La centrale 118 diventa un caso: «No al trasferimento a Pescara»

La fusione delle sedi entro un mese fa discutere, coro di contrari allo spostamento vicino all’aeroporto Febbo risponde al sindaco, i consiglieri comunali perplessi: «La città viene privata di un altro servizio»

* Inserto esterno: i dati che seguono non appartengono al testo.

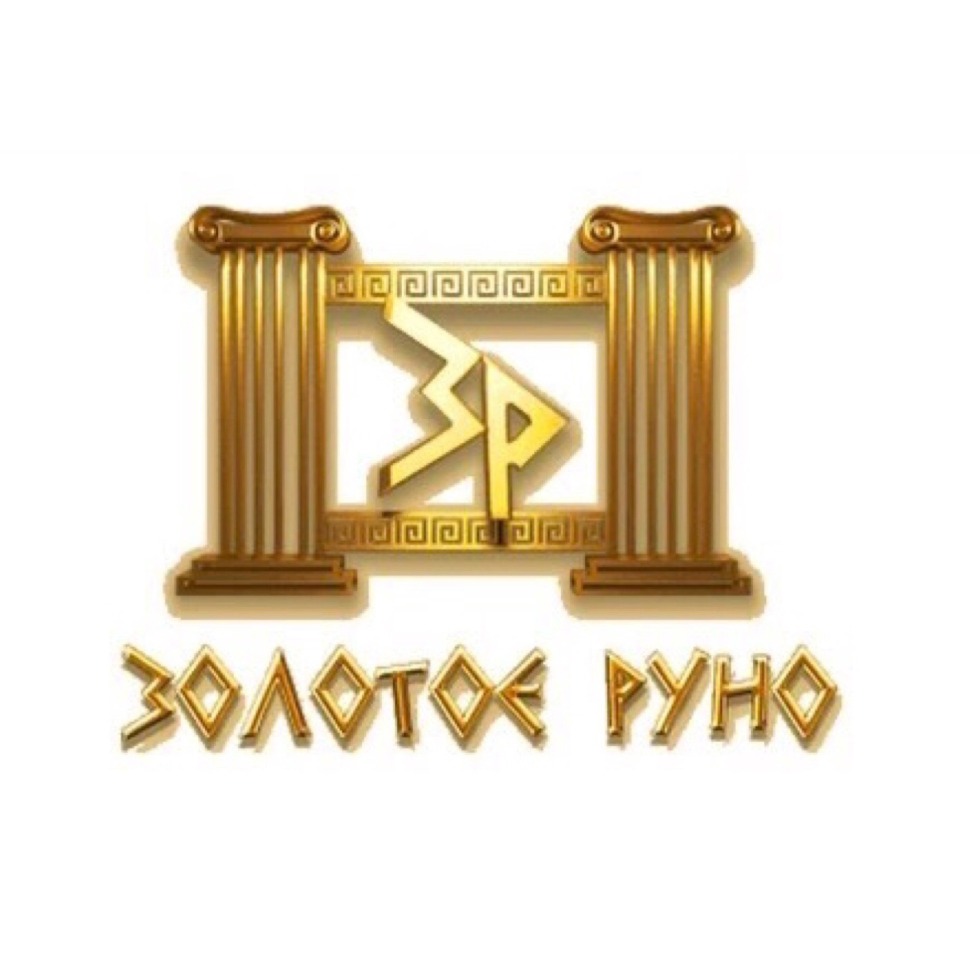 Herbert James Draper Golden Fleece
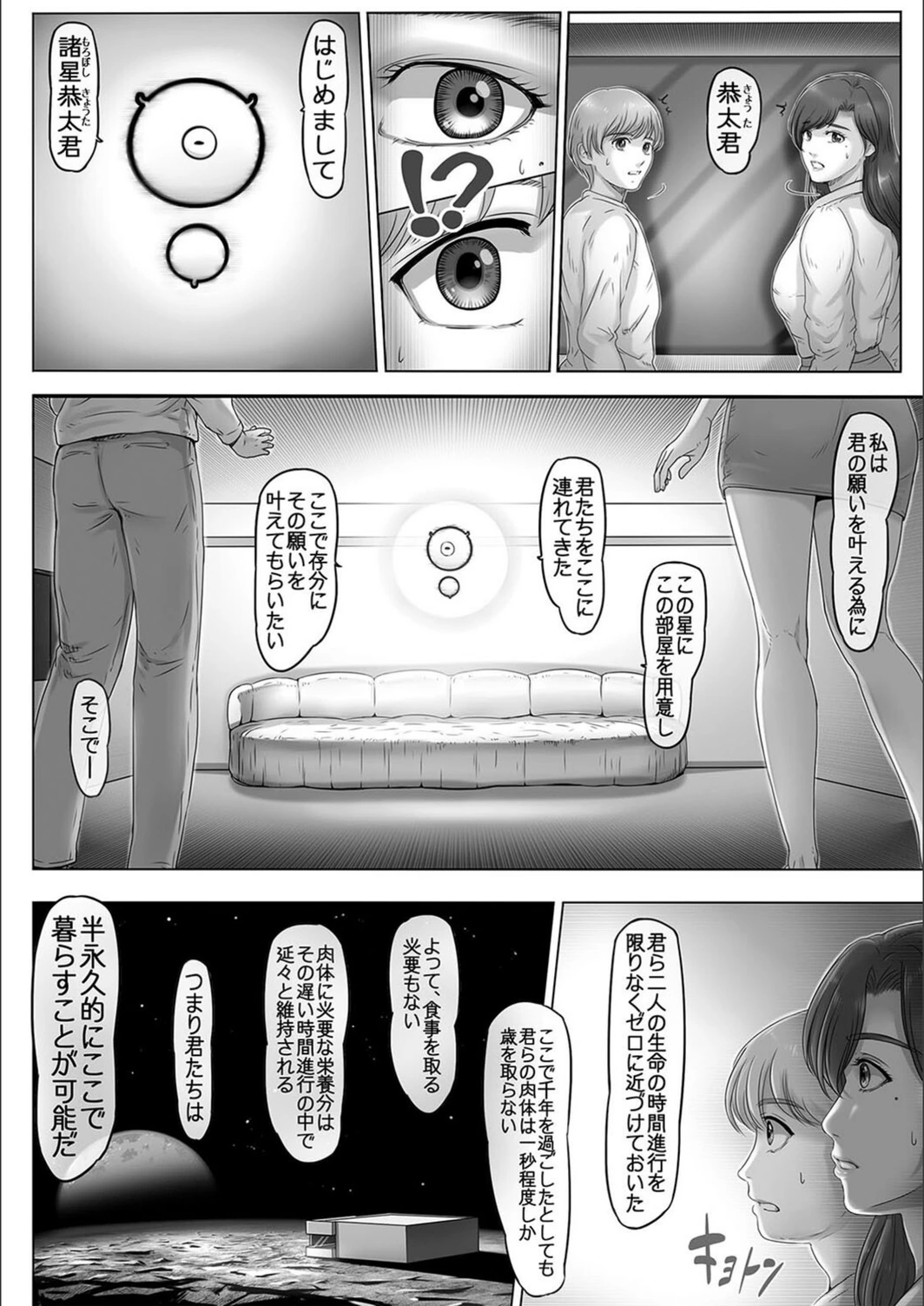 試し読み 6枚目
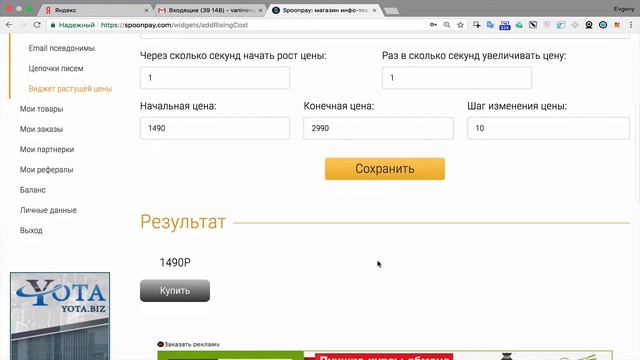Виджет растущей цены Spoonpay смотреть онлайн
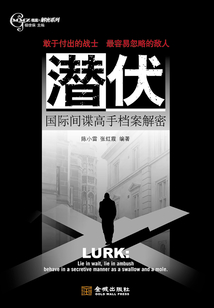 潛伏:國際間諜高手檔案解密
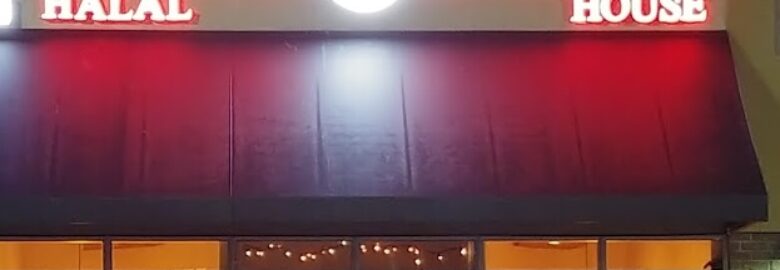 Harir Kabab House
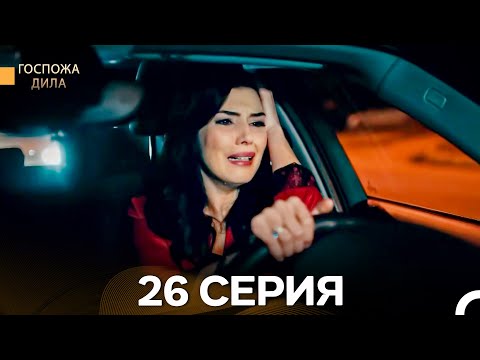 Видео: Госпожа Дила 26 Серия (Длинная Версия) (Русский Дубляж)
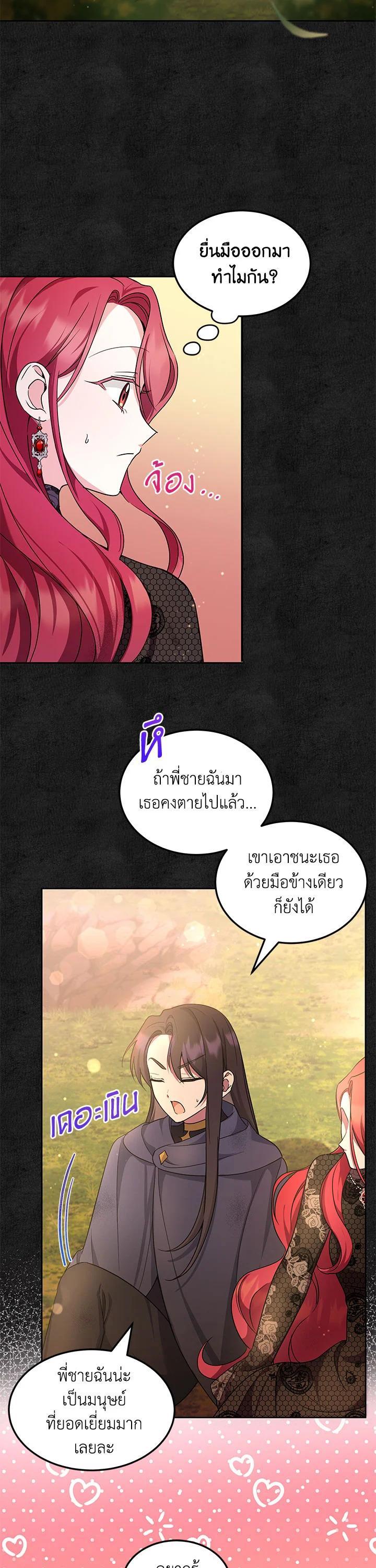 Manga-lc-com อ่านมังงะ อ่านการ์ตูน ออนไลน์ ฟรี The Wicked Little Princess ตอนที่ 1 2 3 4 5 6 7 8 9 10 11 12 13 14 ฟรี ไม่มีโฆษณา Manga-lc - อ่าน มังงะ อ่าน การ์ตูน ออนไลน์ อ่านมังงะ ฟรี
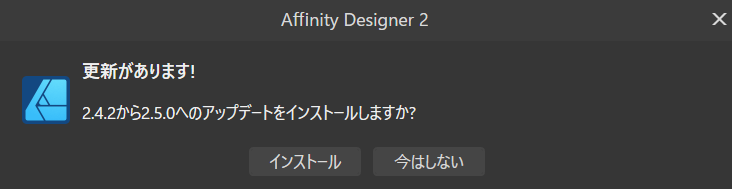 haryint's tweet image. あれれれれ？？
と思ったら、「ヘルプ→アップデートの有無をチェック」で2.5.2を把握した！
正式に来ましたね。
とりあえず私はもう少し2.4系（製品版）と2.5系（カスタマーベータ上）を共存させるつもり。
#affinity #AffinityV2 
#affinitydesigner #affinityphoto #affinitypublisher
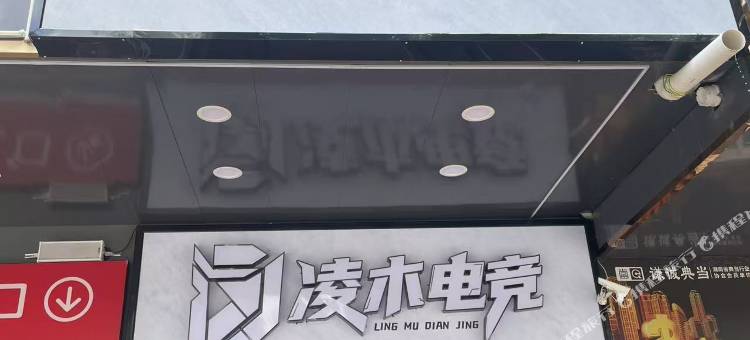 凌木电竞酒店图片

CHIETI . Dal consigliere regionale Mauro Febbo agli esponenti del consiglio comunale, è un coro di no quello che arriva alla centrale unica del 118 con Pescara. La fusione entro un mese delle due sedi, annunciata nei giorni scorsi con l’articolo del Centro, è diventata un caso. A nulla sono servite le parole del sindaco di Chieti Diego Ferrara, che ha chiarito non trattarsi di «una spoliazione ai danni della città ma l’espressione di una razionalizzazione della medicina integrata territorio-ospedale». Sono molte le perplessità espresse da gruppi politici e civici.
FEBBO RISPONDE AL SINDACO
Nei giorni scorsi il primo cittadino teatino, intervenendo sul tema, aveva puntato anche il dito contro il consigliere regionale: «Ha avversato per anni il progetto, ora ne diventa il deus ex machina, con la Regione di centrodestra che lo attua», aveva commentato Ferrara. «Ma le origini stanno altrove e questa non è una spoliazione». Dal capogruppo di Forza Italia non tarda la replica: «Ero e sono fortemente contrario a questa decisione che è targata dal duo Luciano D’Alfonso e Silvio Paolucci a danno della sanità teatina». E aggiunge: «La contrarietà non nasce dallo spirito campanilistico, ma dalla analisi tecnico economico e di costo-benefici. Chieti aveva una centrale all’avanguardia, di oltre 300 metri quadrati, quindi eventualmente anche in grado di ospitare quella unica evitando spese e sperpero del denaro pubblico».
LE PERPLESSITÀ
Sulla centrale unica del 118 intervengono anche i gruppi civici “Chi ama Chieti” e “Chieti c’è”: «Siamo perplessi e preoccupati per lo spostamento». Il consigliere Valerio Giannini entra nel merito: «Se è vero che questa amministrazione poco avrebbe potuto fare per evitare una decisione definita nel giugno 2018 con la sigla del protocollo d'intesa tra Regione, Saga e le due aziende sanitarie locali interessate, posto che non si perderanno postazioni, ambulanze e servizi, non si può giustificare l’ennesima spoliazione ai danni dell’intera comunità teatina». E continua: «In futuro non permetteremo che decisioni di questo tipo vedano Chieti privarsi di sedi e funzioni». Il consigliere Damiano Zappone puntualizza: «La priorità del nostro agire è preservare, anzi migliorare i presidi medico sanitari sul territorio, vigilando attentamente e quotidianamente sull’operato dell’azienda sanitaria e del governo regionale».
POMPILIO
Infine la consigliera comunale di Azione Politica, Serena Pompilio, attacca l’amministrazione. «Evidentemente non ci si rende conto, o si fa finta di farlo, cosa significhi perdere una funzione così importante». E poi sull’assessore comunale alla sanità Fabio Stella: «Mi ha sorpreso il suo silenzio, non si comprende quale contributo tecnico stia dando per la città». E conclude: «Non dimentico che la presidenza della commissione sanità al Comune di Chieti appartiene proprio al gruppo Chi ama Chieti, che con Gabriella Ianiro nessun contributo valido ha dato al tema».